**ABOUT THIS EXERCISE**.
Exact copy, no pictures: return all the data below as written.
MATERIAL PROVIDED Block Start
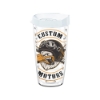 Field Tumbler - White
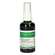 Pater Severin Nelkenblüten Spray, A-Nr.: 4444604 - 04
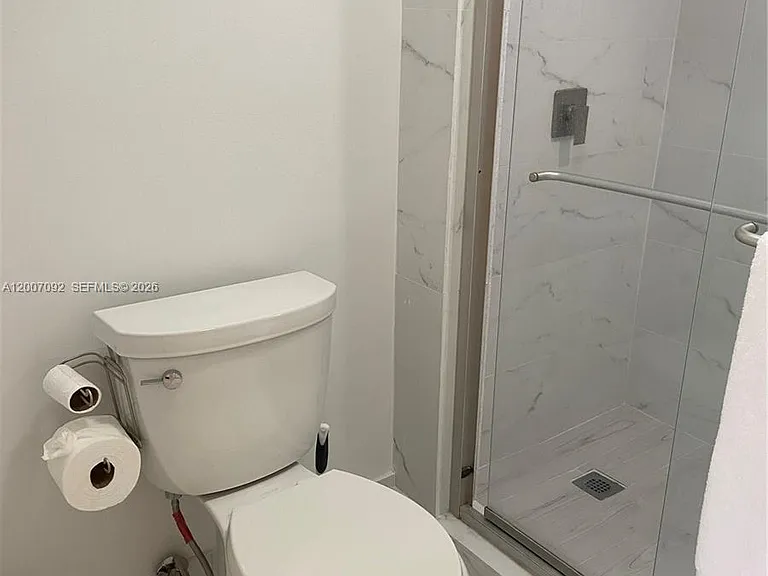 5100 N Ocean Blvd #1106 — Photo 22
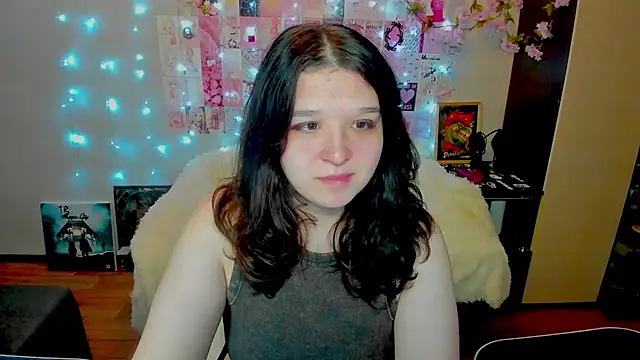 Kate Acid online show from 05/10/26, 11:39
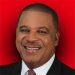 Former Turks and Caicos Premier jailed for corruption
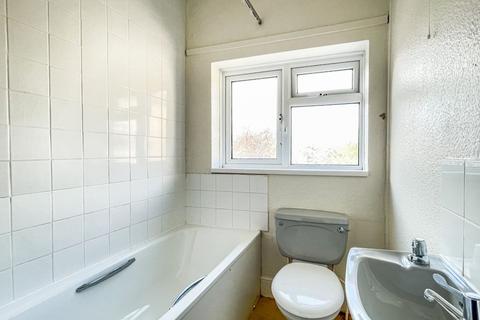 Flat 1, 440 Ashley Road, Poole, BH14 0AA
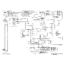 LME 364079 A DLG0206-1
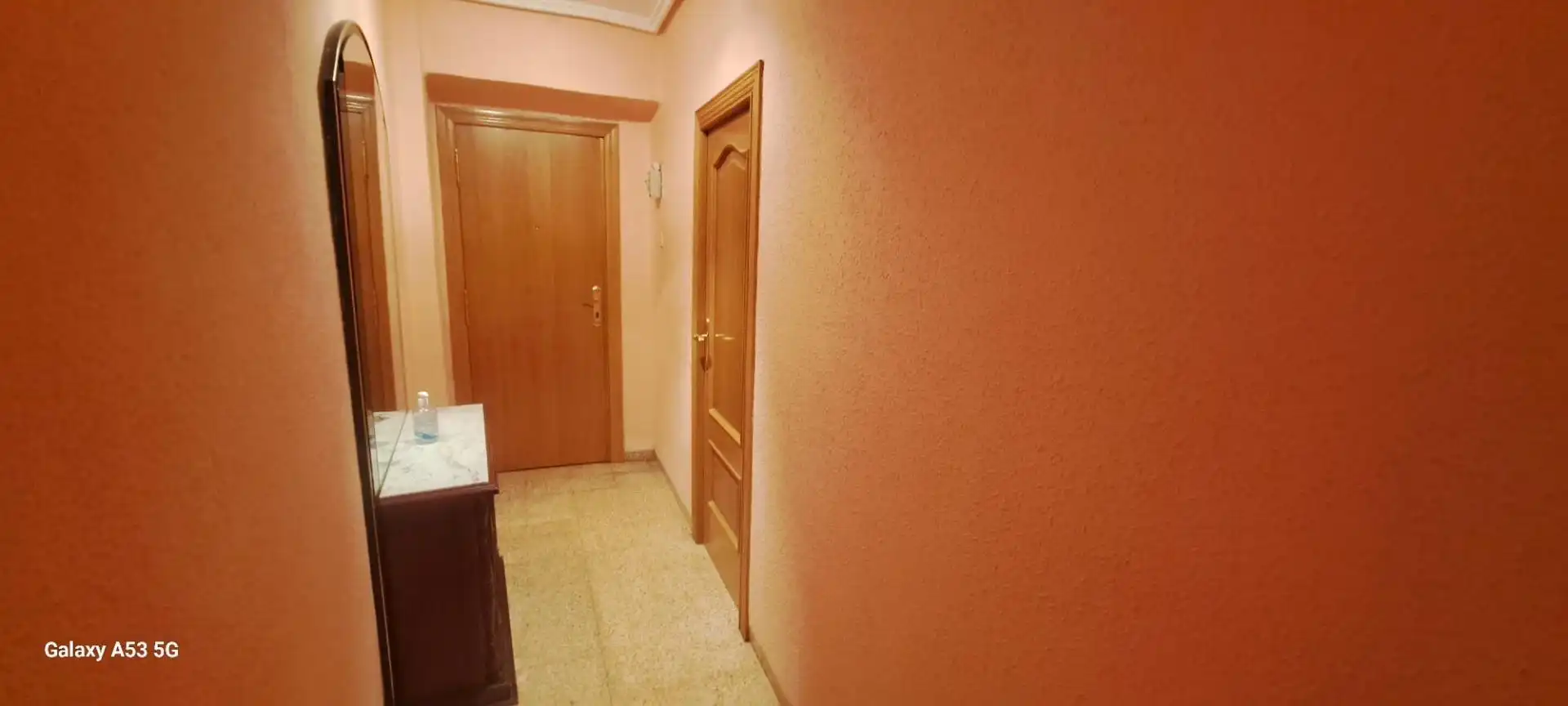 Piso en venta en Paterna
MATERIAL PROVIDED Block End
**ANSWER BOX**.
 Field Tumbler - White
 Pater Severin Nelkenblüten Spray, A-Nr.: 4444604 - 04
 5100 N Ocean Blvd #1106 — Photo 22
 Kate Acid online show from 05/10/26, 11:39
 Former Turks and Caicos Premier jailed for corruption
 Flat 1, 440 Ashley Road, Poole, BH14 0AA
 LME 364079 A DLG0206-1
 Piso en venta en Paterna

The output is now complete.